The story of the continent has two dominant narratives, that is, the narrative of the political elites, and that of the ordinary citizens. Unfortunately, the story of the ordinary citizens is a silent story, mainly highlighted if it is in the interests of the political elites. The elites with privilege of power tell an African story full of pseudo optimism that is always eroded with the realities of the day.

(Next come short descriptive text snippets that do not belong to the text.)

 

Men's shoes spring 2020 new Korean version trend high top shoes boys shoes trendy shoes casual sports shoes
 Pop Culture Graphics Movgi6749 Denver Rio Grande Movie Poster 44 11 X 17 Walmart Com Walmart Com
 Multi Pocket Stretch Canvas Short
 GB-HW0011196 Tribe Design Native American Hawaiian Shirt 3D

In the recent past, the story of the continent has been marked by enthusiastic pronouncements of “Africa is raising”. A story partly aimed at rehabilitating the political, socio and economic image of the continent. For example, on December 3, 2011, at the peak of the Africa is raising narrative that started in early 2000, the Economist published a story that summarised the hopeful continent: “Africa’s enthusiasm for technology is boosting growth. It has more than 600m mobile-phone users—more than America or Europe. Since roads are generally dreadful, advances in communications, with mobile banking and telephonic agro-info, have been a huge boon. Around a tenth of Africa’s land mass is covered by mobile-internet services—a higher proportion than in India. The health of many millions of Africans has also improved, thanks in part to the wider distribution of mosquito nets and the gradual easing of the ravages of HIV/AIDS. Skills are improving: productivity is growing by nearly 3% a year, compared with 2.3% in America. All this is happening partly because Africa is at last getting a taste of peace and decent government”.

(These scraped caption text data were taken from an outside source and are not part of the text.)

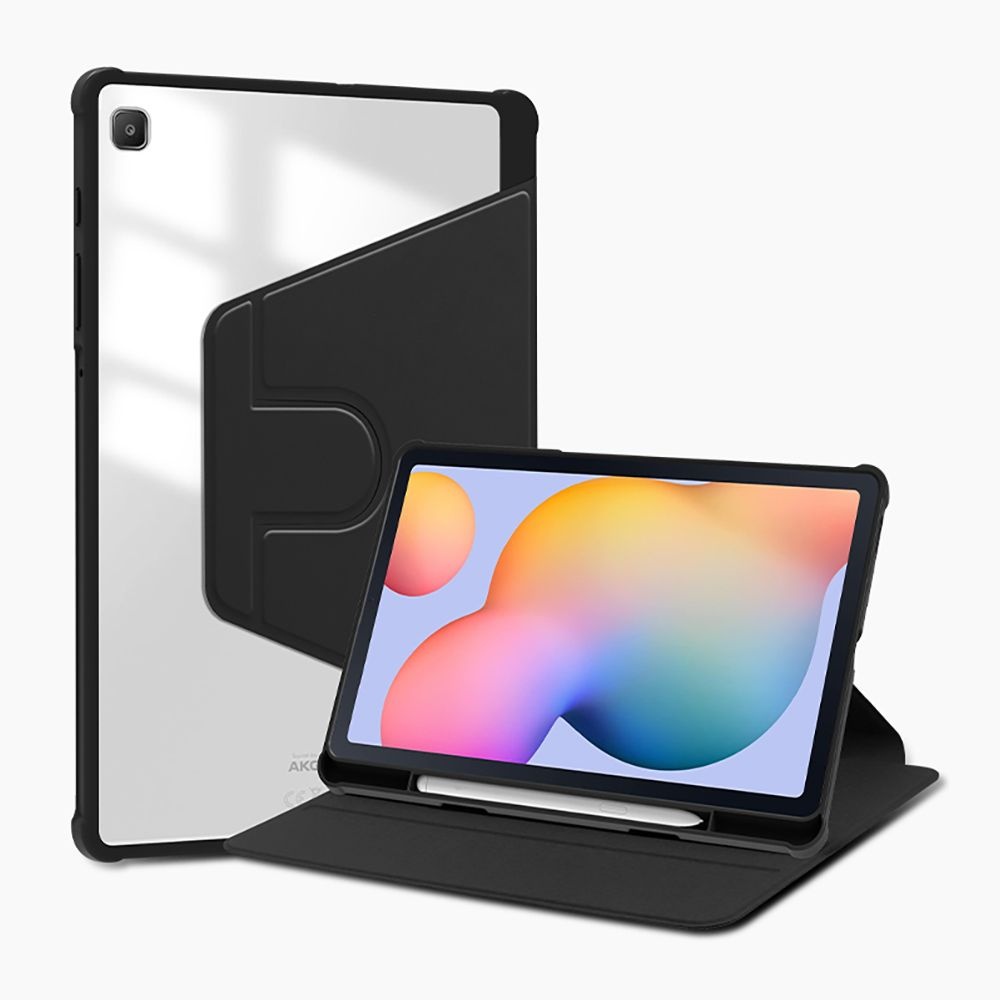 비즈모아코리아 갤럭시탭 S6 Lite 10.4 호환 터치펜 수납 회전케이스 SM-P610 P615 P613 투명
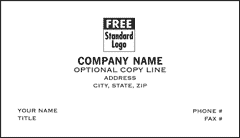 BC600-TL2 Preferred Business Cards 1 or 2 ink colors textured stocks 3 1/2 x 2"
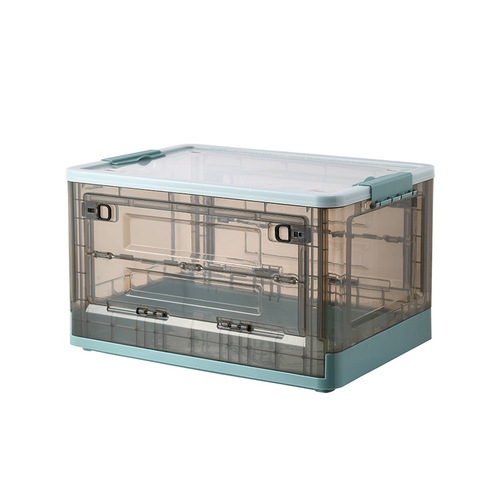 Foldable book storage box book box large capacity student book storage box transparent toy storage box finishing box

This is a great narrative told about Africa. It can even be treasonous for one to think otherwise. It is a narrative of a hopeful continent. Defensible statistical figures back up the story of a rising continent. Intellectual machinery is lined-up to tell and defend the story of a rising continent.
However, a true and complete story is that story that ordinary citizens can relate to beyond the statistical figures. For example, according to the world employment outlook 2016 by the International Labour Organisation, 2016, in Northern Africa, the incidence of unemployment among youth in the region was expected to remain elevated at 29.3 per cent in 2016, representing the second highest rate across all regions. In Sub-Saharan Africa, the youth unemployment rate was expected to continue on its downward trajectory, which began in 2012, reaching 10.9 per cent in 2016. A youthful population is on a move: economic migrants. The continent is inhabitable for them. In some countries, the quality of life is worse than it was at independence. A sense of powerlessness is evident in conversations with ordinary citizens. There are not conversations of a rising continent. Famine still affects a number of countries. The challenges faced by the populations in South Sudan, Libya, Somalia, Eretria, Zimbabwe, Democratic Republic of Congo, Central African Republic, Mali, Chad, and Burundi among others make the story of a rising continent far from reach .
Optimism is good, but it should be anchored in truthfulness, realism and progressive engagement aimed at changing the bad stories on the continent about the continent. This story would be of good governance, democracy and citizen-centered leadership.